Conventional Image identification using Neural Networks requires Image Labeling. Image Labeling can be a tedious, or more so expensive, activity to do. Imagine running a company that has large datasets of images, and every time we need to build an image identification algorithm for a particular image kind, we need to label the images as ‘instance’ and ‘not instances’. For example, ‘cats’ and ‘not cats’ or ‘dogs’ and ‘not dogs’. The problem is there are many kinds of ‘not instances’. For example, to build a cat image identifier we would label all cats as cats and dogs, goats, cars, humans, aeroplanes, etc. as not cats. If we want to build a Human Image identifier with the same dataset we would then have to label all human images as humans and every other image as non-humans.

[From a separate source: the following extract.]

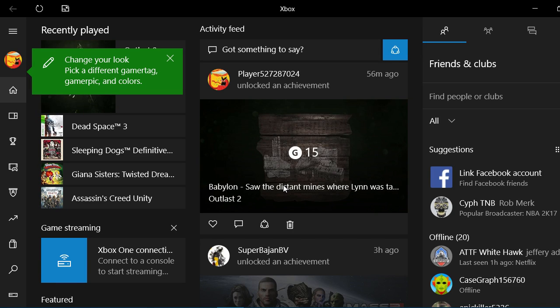Hello and welcome guys to Spartan Tech. Today I'll be showing you how to connect your Xbox One directly to your Windows 10 PC without any lag.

This is obviously time consuming and expensive. The question then arises — can we build an image identifier without having to go through the rigour of image identification? Or better put, can we build a neural network that can learn the specific distribution of where an image comes from? Asides from image identification, this idea can be used to separate images according to their distribution. For example, separating unethical images from videos or separating ads from videos.

In this Project, I used the Variational Autoencoder(VAE) to solve these problems. I trained the Variational Autoencoder on images from a particular distribution so that, when images from a different distribution are fed into the VAE, the reconstruction loss is expected to be higher. Through the reconstruction loss, one may be able to keep track if an image belongs to a particular distribution or not. In this example, I considered using this idea in separating Football Images from ads.

The Variational Autoencoder

The Structure of the Variational Autoencoder
The Structure of the Variational Autoencoder
The Structure of the Variational Autoencoder

The VAE is a deep generative model just like the Generative Adversarial Networks (GANs). Deep generative models have shown an incredible ability to produce highly realistic pieces of content-like images. The Variational Autoencoder consists of an encoder, a latent space, and a decoder. The encoder and decoder are basically neural networks. The Variational Autoencoder is also well explained in this article.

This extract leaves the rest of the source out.